¡Qué llega el amado! Normalmente suele ser la amada. Cuando en las bodas uno espera junto al novio y la madrina, junto al altar, la que suele retrasarse es la novia. No sé quién difundió la idea de que si la novia llega tarde significa buena suerte, eso sólo significan retrasos. Algún minutillo es normal, pero he tenido bodas en las que la novia se ha retrasado hasta 43 minutazos. Hemos estado a punto de casar al novio con otra, las niñas de las arras encontraban novio, los invitados iban extendiendo paté de salmón en rodajas de banco,… un desastre. Y cuando llega la novia diciendo: “No ha sido culpa mía, ha sido culpa de la peluquera”, pues todos contentos de haber ganado la partida -una vez más-, a la liga de peluqueras contra las bodas religiosas. Pero es verdad que una vez que llega la novia el tiempo de espera se olvida. Sólo en una boda llegó más tarde el novio y creo que todavía no se lo han perdonado.

“¡Levántate, amada mía, hermosa mía, ven a mí! Paloma mía, que anidas en los huecos de la peña, en las grietas del barranco, déjame ver tu figura, déjame escuchar tu voz, porque es muy dulce tu voz, y es hermosa tu figura” Estamos a un paso de la Navidad, pero seguimos en Adviento. parece que el Señor se retrasa, pero llegará cuando deba llegar. No estaría nada bien que la novia llegase un cuarto de hora antes a su boda y que al llegar los invitados hubiera acabado la ceremonia. Y tenemos que tener el ansia de verle, que nuestra espera sea como la del novio a la novia. Esperamos al que amamos y nos ama. No podemos permanecer tumbados a la bartola, dejando que el polvo del camino y del tiempo nos cubra. Tenemos que estar siempre lustrosos, de alma y cuerpo, recién afeitados y duchados, para que el Señor nos encuentre así. Una vez que llegue se nos pasarán todos los nervios de la espera, al igual que el que estuviese seguro que mañana le tocará la lotería se le olvidaría el día de hoy, de tensa espera.

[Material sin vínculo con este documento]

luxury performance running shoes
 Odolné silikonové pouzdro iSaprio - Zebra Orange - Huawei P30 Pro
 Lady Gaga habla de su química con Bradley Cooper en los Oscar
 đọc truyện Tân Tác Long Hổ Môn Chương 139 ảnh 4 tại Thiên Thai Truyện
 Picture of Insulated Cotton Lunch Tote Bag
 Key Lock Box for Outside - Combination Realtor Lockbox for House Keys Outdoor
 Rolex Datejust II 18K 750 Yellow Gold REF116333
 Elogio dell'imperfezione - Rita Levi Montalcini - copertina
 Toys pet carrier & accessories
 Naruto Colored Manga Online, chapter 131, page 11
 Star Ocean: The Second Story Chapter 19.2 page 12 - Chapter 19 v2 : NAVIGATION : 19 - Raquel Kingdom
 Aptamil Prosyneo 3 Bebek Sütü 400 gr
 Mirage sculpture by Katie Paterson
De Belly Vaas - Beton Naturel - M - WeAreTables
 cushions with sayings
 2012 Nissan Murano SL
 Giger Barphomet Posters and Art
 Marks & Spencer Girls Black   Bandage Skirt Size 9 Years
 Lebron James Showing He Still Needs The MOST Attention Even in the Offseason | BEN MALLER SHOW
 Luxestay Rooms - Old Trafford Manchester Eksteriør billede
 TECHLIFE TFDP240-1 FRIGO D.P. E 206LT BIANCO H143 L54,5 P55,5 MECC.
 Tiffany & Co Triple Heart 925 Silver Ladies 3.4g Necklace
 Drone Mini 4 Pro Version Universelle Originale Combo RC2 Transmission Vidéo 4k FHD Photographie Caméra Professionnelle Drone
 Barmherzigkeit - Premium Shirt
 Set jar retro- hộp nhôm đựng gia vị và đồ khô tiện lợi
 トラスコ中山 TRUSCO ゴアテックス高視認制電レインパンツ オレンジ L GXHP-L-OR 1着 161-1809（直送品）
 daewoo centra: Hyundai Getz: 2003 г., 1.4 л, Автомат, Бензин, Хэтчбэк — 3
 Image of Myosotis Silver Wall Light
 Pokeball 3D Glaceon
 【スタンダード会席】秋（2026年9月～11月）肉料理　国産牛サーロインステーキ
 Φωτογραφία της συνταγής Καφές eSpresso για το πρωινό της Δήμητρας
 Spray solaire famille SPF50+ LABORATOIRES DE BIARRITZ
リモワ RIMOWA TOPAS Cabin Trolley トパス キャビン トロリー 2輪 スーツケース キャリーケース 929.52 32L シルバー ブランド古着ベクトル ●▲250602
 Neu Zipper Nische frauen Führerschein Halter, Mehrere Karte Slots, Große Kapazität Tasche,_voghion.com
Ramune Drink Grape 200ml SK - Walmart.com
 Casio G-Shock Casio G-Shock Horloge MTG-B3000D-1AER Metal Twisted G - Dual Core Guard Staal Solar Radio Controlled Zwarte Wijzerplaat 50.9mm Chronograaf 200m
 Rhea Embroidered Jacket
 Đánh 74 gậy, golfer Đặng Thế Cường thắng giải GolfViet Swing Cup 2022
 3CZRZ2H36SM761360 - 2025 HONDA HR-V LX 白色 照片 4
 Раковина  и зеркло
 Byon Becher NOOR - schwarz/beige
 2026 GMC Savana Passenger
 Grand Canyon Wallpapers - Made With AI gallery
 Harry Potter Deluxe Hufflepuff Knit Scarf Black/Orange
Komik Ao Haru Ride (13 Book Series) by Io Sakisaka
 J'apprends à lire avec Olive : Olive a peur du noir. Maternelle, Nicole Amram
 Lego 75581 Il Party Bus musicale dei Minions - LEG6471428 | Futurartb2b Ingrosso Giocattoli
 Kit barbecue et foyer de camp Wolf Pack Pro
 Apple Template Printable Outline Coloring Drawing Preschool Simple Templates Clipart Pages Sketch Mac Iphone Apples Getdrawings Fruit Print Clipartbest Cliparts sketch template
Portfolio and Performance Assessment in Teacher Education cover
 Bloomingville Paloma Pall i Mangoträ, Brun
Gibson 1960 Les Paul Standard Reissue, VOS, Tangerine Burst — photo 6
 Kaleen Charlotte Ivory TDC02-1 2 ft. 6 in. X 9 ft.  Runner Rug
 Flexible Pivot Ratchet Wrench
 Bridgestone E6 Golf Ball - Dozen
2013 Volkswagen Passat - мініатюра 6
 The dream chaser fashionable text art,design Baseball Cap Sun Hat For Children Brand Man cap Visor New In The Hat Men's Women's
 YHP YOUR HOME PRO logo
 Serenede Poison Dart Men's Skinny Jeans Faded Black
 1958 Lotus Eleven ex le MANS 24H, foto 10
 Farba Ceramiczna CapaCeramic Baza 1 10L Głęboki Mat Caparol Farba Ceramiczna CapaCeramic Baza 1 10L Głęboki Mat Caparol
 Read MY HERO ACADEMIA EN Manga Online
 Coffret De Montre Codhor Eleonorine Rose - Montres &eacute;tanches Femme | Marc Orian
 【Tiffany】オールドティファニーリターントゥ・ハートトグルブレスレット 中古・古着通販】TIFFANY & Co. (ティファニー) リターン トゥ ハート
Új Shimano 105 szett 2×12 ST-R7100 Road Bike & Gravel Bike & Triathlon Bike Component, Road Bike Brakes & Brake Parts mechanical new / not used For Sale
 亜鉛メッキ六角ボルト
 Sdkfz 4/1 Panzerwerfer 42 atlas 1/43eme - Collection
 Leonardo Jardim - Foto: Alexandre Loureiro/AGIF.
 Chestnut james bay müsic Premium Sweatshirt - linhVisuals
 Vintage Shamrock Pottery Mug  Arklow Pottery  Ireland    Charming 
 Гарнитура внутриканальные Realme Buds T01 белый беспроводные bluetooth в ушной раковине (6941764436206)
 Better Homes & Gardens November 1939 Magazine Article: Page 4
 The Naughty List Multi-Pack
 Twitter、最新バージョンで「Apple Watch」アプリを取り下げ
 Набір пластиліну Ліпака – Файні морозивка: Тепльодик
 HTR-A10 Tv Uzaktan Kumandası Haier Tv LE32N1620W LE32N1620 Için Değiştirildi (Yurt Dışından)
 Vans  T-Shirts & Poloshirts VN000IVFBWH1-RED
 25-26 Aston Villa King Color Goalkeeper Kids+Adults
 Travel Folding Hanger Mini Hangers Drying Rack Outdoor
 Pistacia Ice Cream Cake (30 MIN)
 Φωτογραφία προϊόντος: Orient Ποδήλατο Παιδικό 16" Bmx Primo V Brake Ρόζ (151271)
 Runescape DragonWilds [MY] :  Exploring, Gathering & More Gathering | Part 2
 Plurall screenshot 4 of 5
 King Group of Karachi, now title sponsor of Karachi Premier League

¿Y cómo sabemos que el Señor vendrá? ¿Qué no nos dejará “compuestos y sin novio” al pie del altar? Pues porque el Señor ya ha venido y se acerca a nosotros cada día. “En cuanto Isabel oyó el saludo de María, saltó la criatura en su vientre. Se llenó Isabel del Espíritu Santo y dijo a voz en grito: – «¡Bendita tú entre las mujeres, y bendito el fruto de tu vientre! ¿Quién soy yo para que me visite la madre de mi Señor?” No somos nosotros los que hacemos un arduo camino para llegar hasta Dios, para permitirle que venga. Él ha querido acercarse a los hombres de una manera impensable para nosotros. Es Jesús el que se acerca -junto con su Madre-, y nos hace saltar de alegría. La espera del Adviento es una espera que busca. Encontramos a Cristo encima de nuestros altares, en los momentos de reconciliación, en la vivencia heroica de la caridad, en la oración silenciosa y en la oración hecha vida. Encontramos a Dios en tantas almas buenas, nobles, entregadas, generosas. Vemos las huellas de Dios en las madres buenas, en los sacrificios silenciosos, en los pobres de espíritu y de ropa. Sólo hay que tener abiertos los ojos y los oídos para escuchar “¡Oíd, que llega mi amado, saltando sobre los montes, brincando por los collados!”

Nos pondrán mil luces y cien mil músicas para que no escuchemos, pero aún estamos a tiempo de afinar el oído y escuchar a ese Dios que viene. Si no lo descubres mira a la Madre, ella no se trae a sí misma, nos trae la salvación.